6.3 Chemical structures from PubChem
The PubChem site provides data and structural information for many substances. The images can be republished by following the citation and copying instructions at the site.
For this example I downloaded one example of 2D and one example of 3D structures, and use theme_void()
for the ggplot with no other geom.
Code
# we read a manually downloaded PNG bitmap
Qrg_2D <- magick::image_read("quercetin_3-O-rhamnoside-7-O-glucoside_500.png")
Qrg_3D <- magick::image_read("quercetin_3-O-rhamnoside-7-O-glucoside_1100×300_3D_Conformer.png")
# some fake concentration data together with grobs
flavonoids2.df <-
data.frame(representation = c("2D structure", "3D structure"),
structure = I(list(grid::rasterGrob(image = Qrg_2D),
grid::rasterGrob(image = Qrg_3D))))
# make plot with data label
ggplot(flavonoids2.df,
aes(x = representation, label = structure)) +
geom_grob(inherit.aes = TRUE, y = 0,
vp.height = 0.75, vp.width = 0.75) +
labs(x = "Representation") +
expand_limits(y = c(-1, 1)) +
theme_void()
Kim, S., Chen, J., Cheng, T., Gindulyte, A., He, J., He, S., Li, Q., Shoemaker, B. A., Thiessen, P. A., Yu, B., Zaslavsky, L., Zhang, J., & Bolton, E. E. (2023). PubChem 2023 update. Nucleic Acids Res., 51(D1), D1373–D1380. 10.1093/nar/gkac956
6.4 Alternatives
Package ‘ggplot2’ defines geom_raster()
which makes it possible to directly add a raster
as a plot layer.
Package ‘ggimg’ defines geom_rect_img()
that mimics geom_rect()
but fills the rectangles with raster images, and geom_point_img()
that mimics geom_point()
but uses raster images instead of the usual shapes as graphical elements. Especially the second of these geoms can be used to create pictorial representations of data.
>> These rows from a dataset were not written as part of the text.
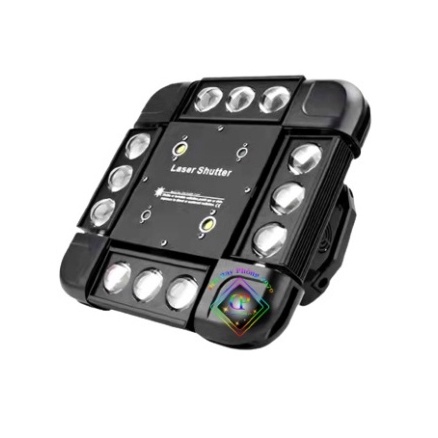 Đèn Laser Moving 12 Mắt Vuông Với Thiết Kế Ma Trận Chạy 3 Chức Năng Cho Hiệu Ứng Đa Dạng Dùng Cho, Sân Khấu, Quán Bar...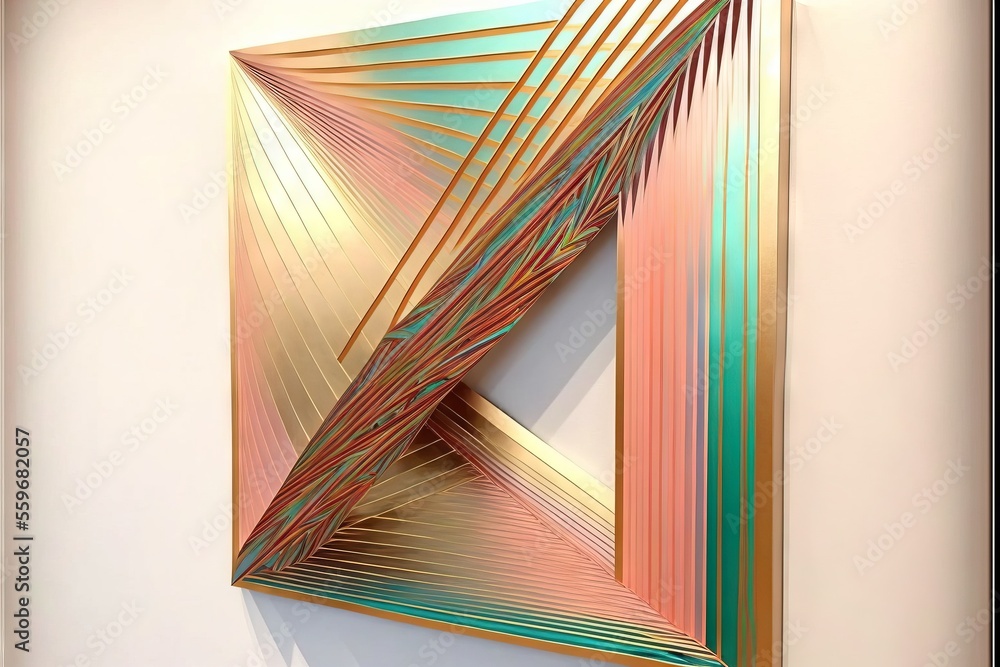 Poster a painting with a gold triangle on it's side and a green triangle on the other side of the wall., ge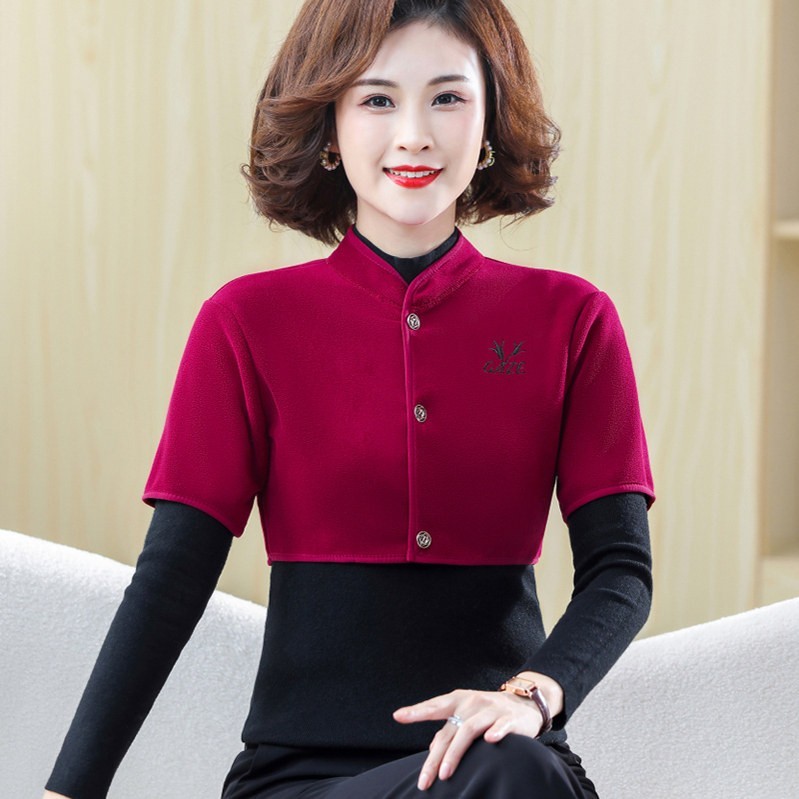 中年女德绒护肩春秋装防寒护颈椎妈妈护颈老人半袖马甲护肩膀坎肩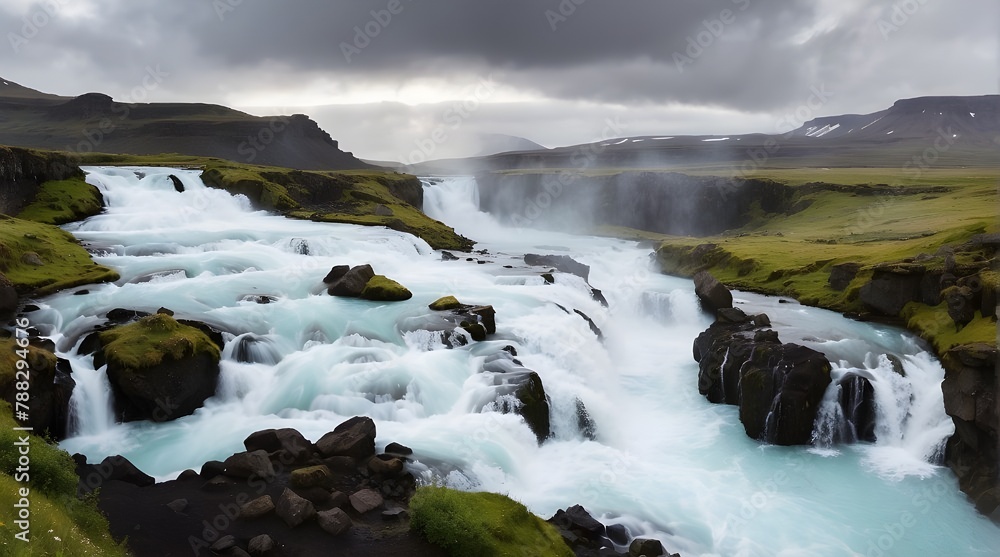 The stunning Bruarfoss waterfall in Iceland during a gloomy summer's day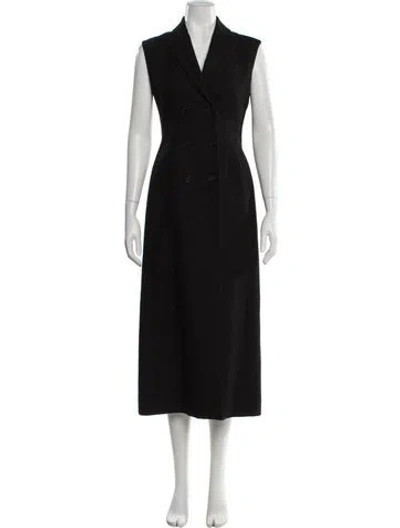 Pre-owned Dior Virgin Wool Coat In Black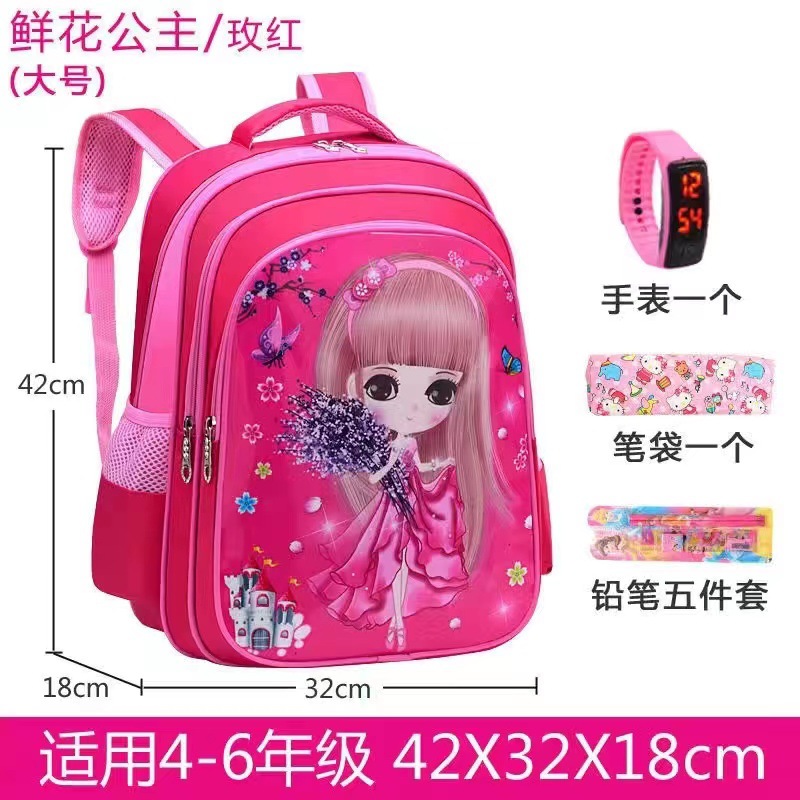Nuevo bolso de escuela primaria transfronterizo, bolso escolar para niños de la serie de princesas bonitas de dibujos animados para niñas, mochila reductora de carga versión coreana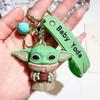Adorable 2024 Baby Yoda Keychain Silicone Figure Mandalorian Star Wars Charm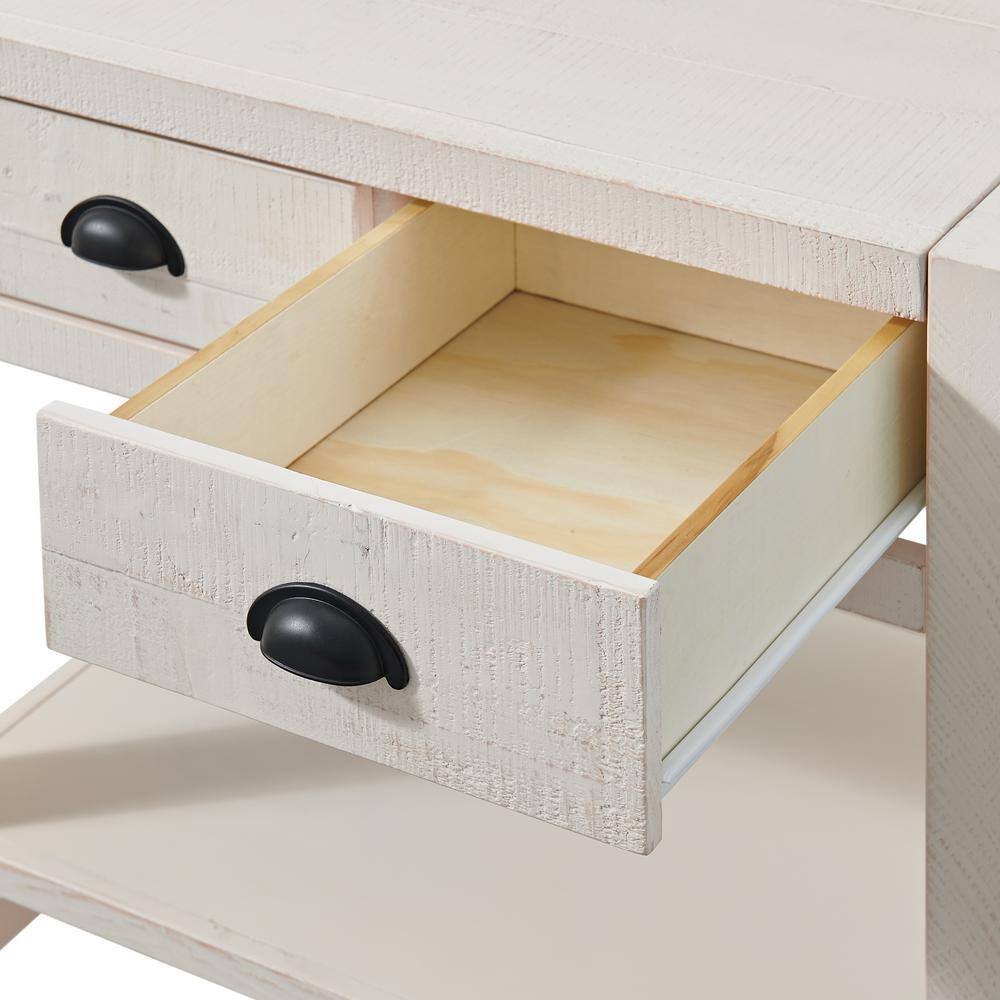 Arden Driftwood White Pine 2-Drawer Nightstand with Open Shelf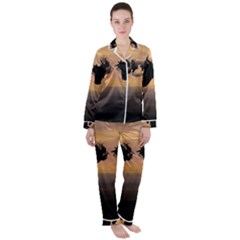 Evening Horses Satin Long Sleeve Pajamas Set by LW323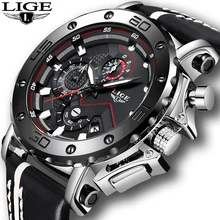 Relogio Masculino модные часы мужские LIGE Топ люксовый бренд мужские деловые кожаные военные водонепроницаемые большие часы с циферблатом даты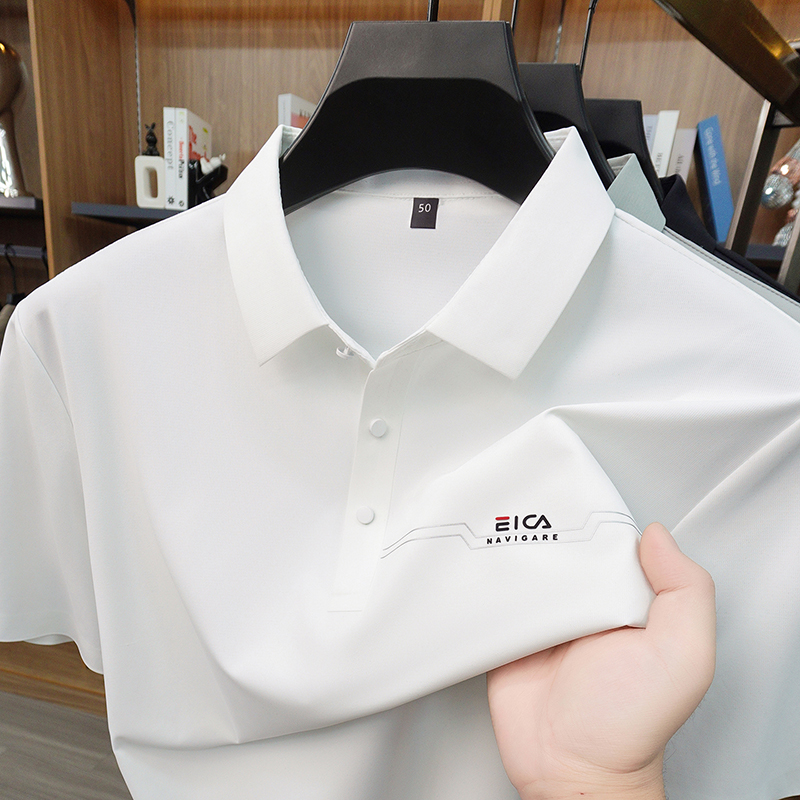 Men'S Fashion Polo - เสื้อโปโลแขนสั้นผ้าไอซ์ซิลค์แบรนด์หรูสำหรับผู้ชาย แฟชั่นใหม่ฤดูร้อน ลายตัวอักษรนูน สไตล์ลำลองสำหรับธุรกิจ ระดับไฮเอนด์ ระบายอากาศได้ดี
Inset grid grobs used as annotations, but not as data labels, can be added to base plots using the plot composition operators and function inset_element()
from package ‘patchwork’.
Adding a grob, grob list or grob tree as a plot layer is made easy by functions grid_group()
and grid_panel()
from package ‘gggrid’. These two functions are neither geometries nor statistics, directly adding graphical objects to those generated from data by layer functions working according to the grammar of graphics.
If the desired composed plot format is a ‘grid’ grob
then the ggplot can be converted first into a grob with function ggplotGrob()
and this grob subsequently combined with a separately created ‘grid’ grob using functions from package ‘grid’.
Grobs can be vector graphics or contain bitmaps.